KOMPAS.com - Matahari sudah condong ke barat ketika Pak Ashabul menyiapkan kapalnya di sebuah dermaga kecil di Pulau Pramuka, Kepulauan Seribu.
Usai palka sudah bersih, mesin terpasang, dan solar sudah terisi penuh, pria yang berprofesi sebagai nelayan itu pun melepaskan tali sandar kapalnya di dermaga.
Tuas mesin ditarik, mesin kapal mulai menderum lembut. Sesaat kemudian, dengan perlahan, kapal kayu sepanjang 13 meter (m) itu mulai melaju.
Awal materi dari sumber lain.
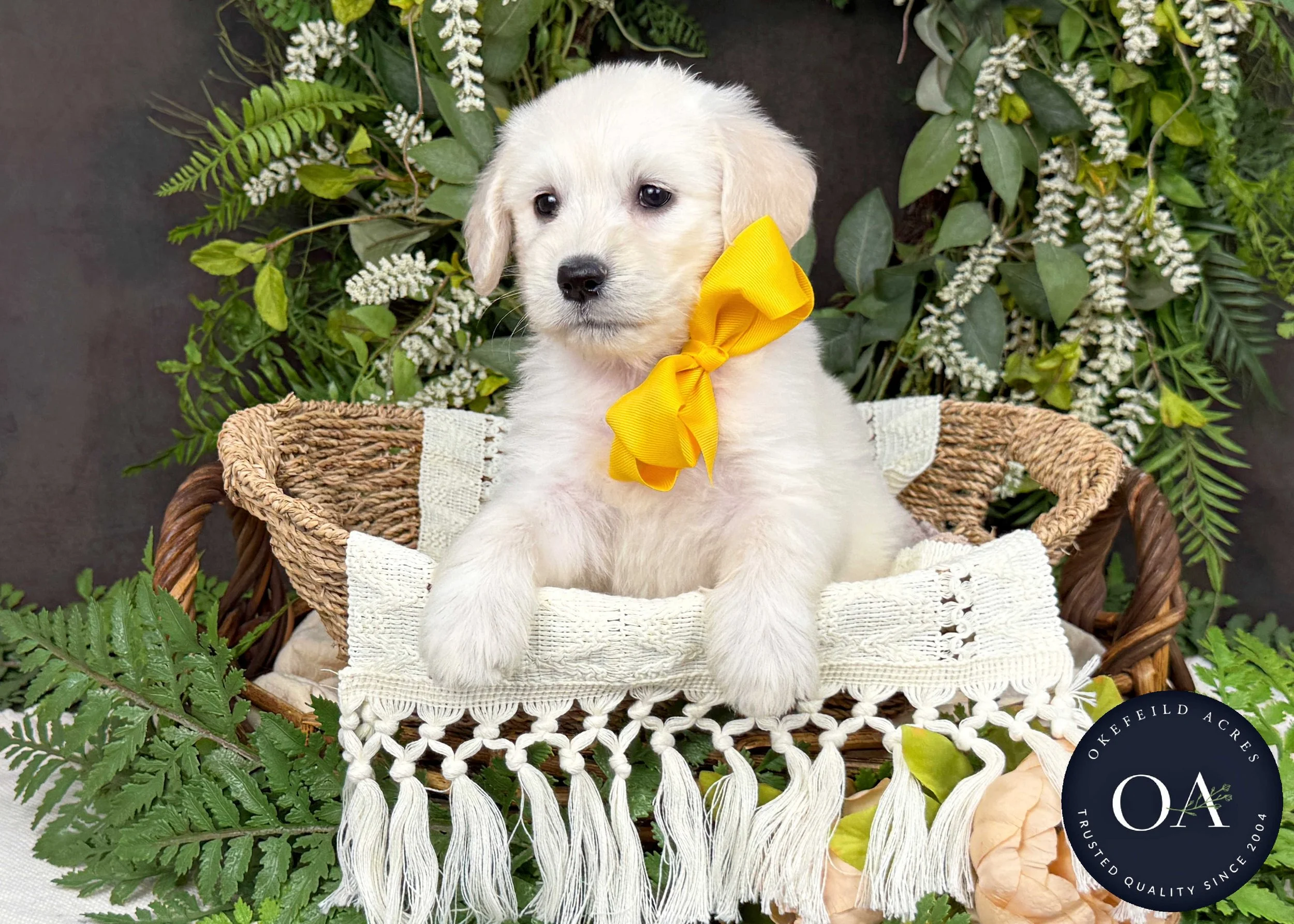 Cream F1 Standard English Teddy Bear Goldendoodle Puppy For Sale Okefeild Acres Missouri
Angin laut cukup kencang siang itu, tetapi Pak Ashabul harus bergegas. Setelah mengeratkan kain sarungnya, ia menarik tuas gas penuh-penuh, dan membawa kapal kayunya menuju dermaga utama Pulau Pramuka.
“Hari itu saya mendapat giliran tugas menjemput dan mengantarkan anak-anak sekolah dari Pulau Pramuka ke Pulau Panggang,” katanya dalam keterangan tertulis yang diterima Kompas.com, Kamis (13/4/2023).
Baca juga: Lowongan PT Pertamina International Shipping, Ini Perinciannya...
Ia menjelaskan bahwa Pulau Panggang tidak memiliki sekolah tingkat lanjutan atas. Untuk bersekolah, para pelajar harus menyeberang ke Pulau Pramuka.
Di salah satu pulau terbesar dan terpadat di Kepulauan Seribu itu, Pemerintah Provinsi (Pemprov) Daerah Khusus Ibu Kota (DKI) Jakarta telah membangun Sekolah Menengah Atas (SMA) Negeri 69 Jakarta pada 1 Januari 1981.
Setidaknya, ada 100 siswa dari Pulau Panggang yang tinggal di asrama SMA 69 di Pulau Pramuka. Setiap Jumat siang, Pak Ashabul menjemput mereka untuk pulang ke Pulau Panggang.
Sementara pada Ahad siang, lelaki itu pun siap mengantarkan mereka para murid kembali ke Pulau Pramuka.
“Supaya besok mereka bisa sekolah lagi,” ujar Pak Ashabul.
Baca juga: Strategi Pertamina Patra Niaga Antisipasi Peningkatan Pemudik via Darat
Para pelajar tampak tersenyum riang saat kapal lelaki paruh baya itu mulai tampak dan kemudian bersandar di dermaga.
Sambil berebut naik ke kapal kecil untuk memilih posisi paling nyaman, anak-anak menyapa Pak Ashabul dengan akrab. Mereka mengaku senang dijemput oleh sang nelayan tua ini.
“Soalnya, Pak Ashabul tak pernah meminta bayaran. Gratis!” kata Putri, siswa Kelas XI SMA Negeri 69 Jakarta.
Pak Ashabul memang tak pernah menarik ongkos dari para pelajar yang diseberangkannya.
Ia merasa bahwa mata pencahariannya sebagai nelayan sudah cukup untuk menghidupi diri dan keluarganya sehari-hari. Apalagi, Pak Ashabul hanya tinggal berdua dengan istrinya, sementara tiga anaknya sudah mandiri.